Data Migration between MySQL and Neo4j
By Luanne Misquitta, Senior Consultant, GraphAware | April 26, 2013
Many organizations that are looking at modeling highly connected data to add business intelligence or analytical capabilities using Neo4j already have a database in place.
Introducing a graph database into the mix does not have to be a disruptive process. As with any technology, understanding its place and contribution to the entire system is key to determining how the pieces fit together.
Dealing with Two Data Stores
- The existing database, MySQL in our case, would continue to be the primary system of record.
- Neo4j would be a secondary data store with a much smaller subset of data, used in two specific ways:
- OLTP mode, where it’s essential to the business to have some questions answered in near real time and therefore have certain sets of data as current as possible.
- Batch mode, where some data is collected and processed in a delayed manner.
This implies that first, we need a way to bring the new Neo4j system up to speed with data already collected over time in our primary RDBMS, and secondly, a way to keep them both in sync once the Neo4j system is up and running.
Instead of exporting data and then importing it into Neo4j for the initial load, and then planning for keeping the databases in sync, we decided to first not worry about how the data would be supplied and just design our application without assumptions about the data source.
The Data Model
For the purpose of this post, I will use an extremely simplified set of entities to better describe the process. Note that the design and code are put together to illustrate the example and it is not necessarily working code.
Assume that we wish to model Customers buying Products sold by Merchants.
We set up POJOs representing the domain objects – a Product, Merchant and Customer class.
Their corresponding DAO’s take care of persistence to and from Neo4j. We used mutating Cypher to store a representation of the object as nodes and relationships, in a few cases dropping down to the Neo4j API for complex objects.
Every entity ties back to the RDBMS via an id which is the primary key in the system of record and it is this key that is indexed.
The graph model for this looks like:
Once that part is done, the application is testable independent of the data source.
For the initial import of data, the only thing that matters is to be able to transform the data received into the domain objects and save them.
Options include SQL queries to fetch only the data you need, or an API exposed by the primary system – if it exists – or an exported set of data.
Let’s use SQL:
SELECT id, name from customers where Customer customer=new Customer(rs.getInt(“id”), rs.getString(“name”)); customer.save();
// Creates or updates a customer node. Indexes the id if it is created.
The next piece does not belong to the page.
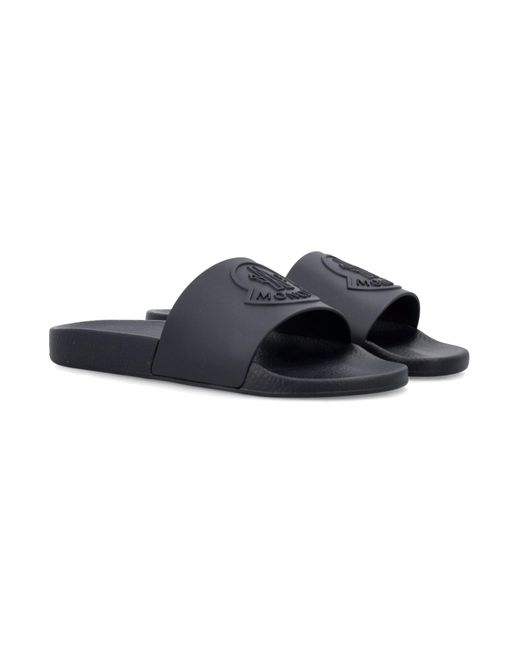 Moncler Blue Basile Slides Shoes for men
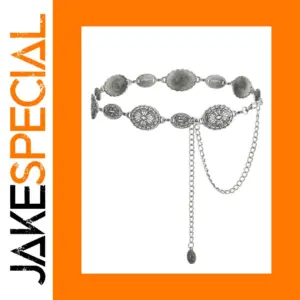 Western Metal Concho Belt for Women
SELECT id, name from products where Product product=new Product(rs.getInt(“id”),rs.getString(“name”)); product.save();
// Creates or updates a product node. Indexes the id if it is created.
SELECT id, name, type from merchants where Merchant merchant=new Merchant(rs.getInt(“id”), rs.getName(“name”)); merchant.setType(rs.getString(“type”)); merchant.save();
// Creates or updates a merchant node. Creates a “type” node if it does not already exist. Creates a relationship between the merchant and type node. Indexes the type and merchant ID if they are created.
SELECT customer_id,product_id,purchase_date from customerPurchases Customer customer=repository.getById(rs.getInt(“customer_id”)); customer.purchaseProduct(rs.getInt(“product_id”),rs.getDate(“purchase_date”);
// Creates a relation from the customer to the product and sets the purchase date as a property on the relation.
Keeping Data in Sync
Once the data is imported and both systems are now running, the next task is to keep the data in sync.
Depending on what you plan to do with Neo4j, you might decide that periodic imports of data serve the purpose and you might run a scheduled process to do essentially what we did in the initial import.
Or, you might need to know about things as they happen. In that case, an event-based integration is a simple, but powerful solution.
As “events” take place in the primary system such as a new product created, or a customer purchased a product, the event is published and the Neo4j application picks it up and deals with it. The link between the two systems can be as simple as a messaging queue where the content of the message might be custom content, the result of an API call or anything that shares the information necessary for the secondary system to make sense of.
Whatever that content, again, all we need is the ability to pick it up, parse it and call business methods on our domain.
The applications are loosely coupled and the problem of consuming data from multiple sources in multiple formats is reduced to a simple problem of parsing.
We found that this approach worked well. The import can take a bit of time since it is transactional, but considering that the initial import is not a frequent process, the wait is worth not introducing another data import tool. Once you get past that point, the event-based sync works nicely.
As mentioned at the start of this article, understanding the pattern of data sync for your application is very important to determine how to go about it. If you need a one-time migration of data, the approach above might be overkill and you should consider some of the excellent tools available such as the Batch Importer , GEOFF, or the REST batch API if using the Neo4j Server.
Also, Spring Data is something to look into if you wish to use annotated automatically-mapped entity classes.